Crawled caption data:
_ _ _
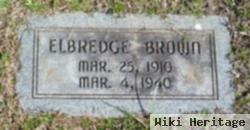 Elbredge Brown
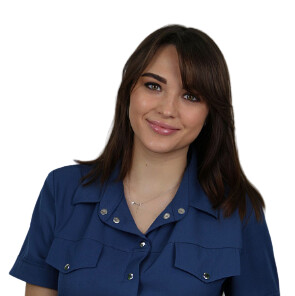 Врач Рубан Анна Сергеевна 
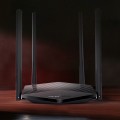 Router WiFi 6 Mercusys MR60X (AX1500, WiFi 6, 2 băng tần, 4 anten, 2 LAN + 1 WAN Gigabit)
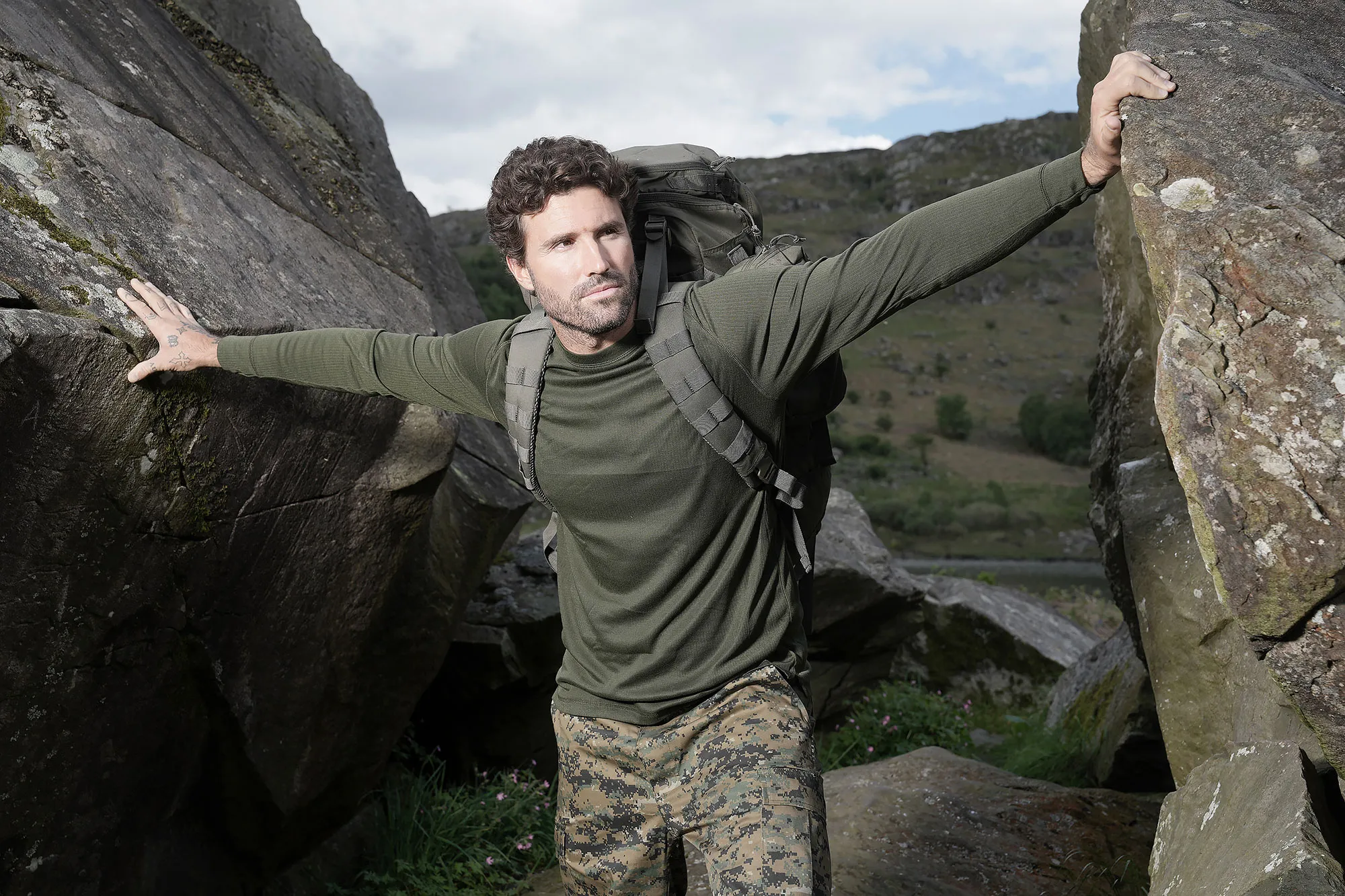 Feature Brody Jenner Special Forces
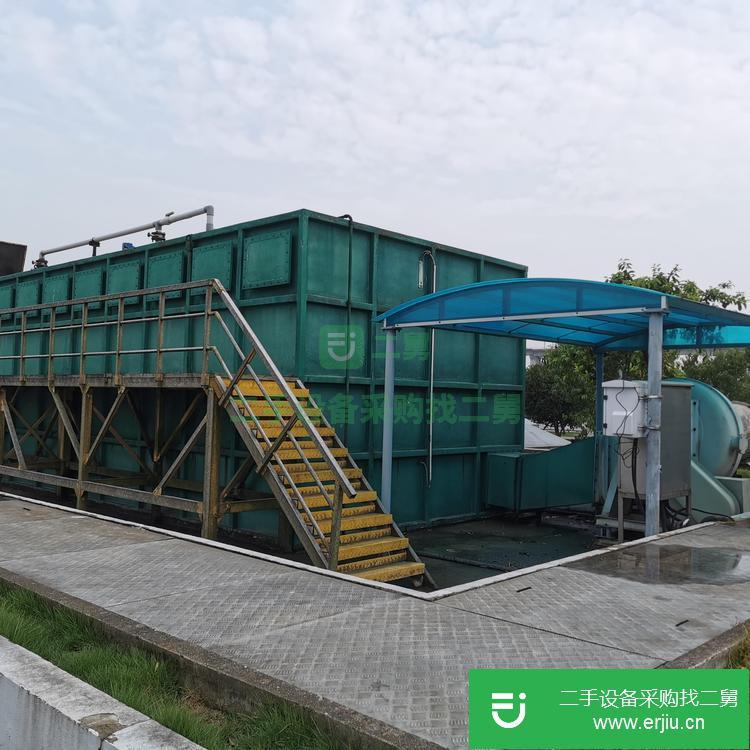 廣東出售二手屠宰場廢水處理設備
_ _ _
Write out again, exactly, each line from the one with "Feature Brody Jenner Special Forces" to the end of the entries. No pictures go in.

Output for this exercise>
 Feature Brody Jenner Special Forces
 廣東出售二手屠宰場廢水處理設備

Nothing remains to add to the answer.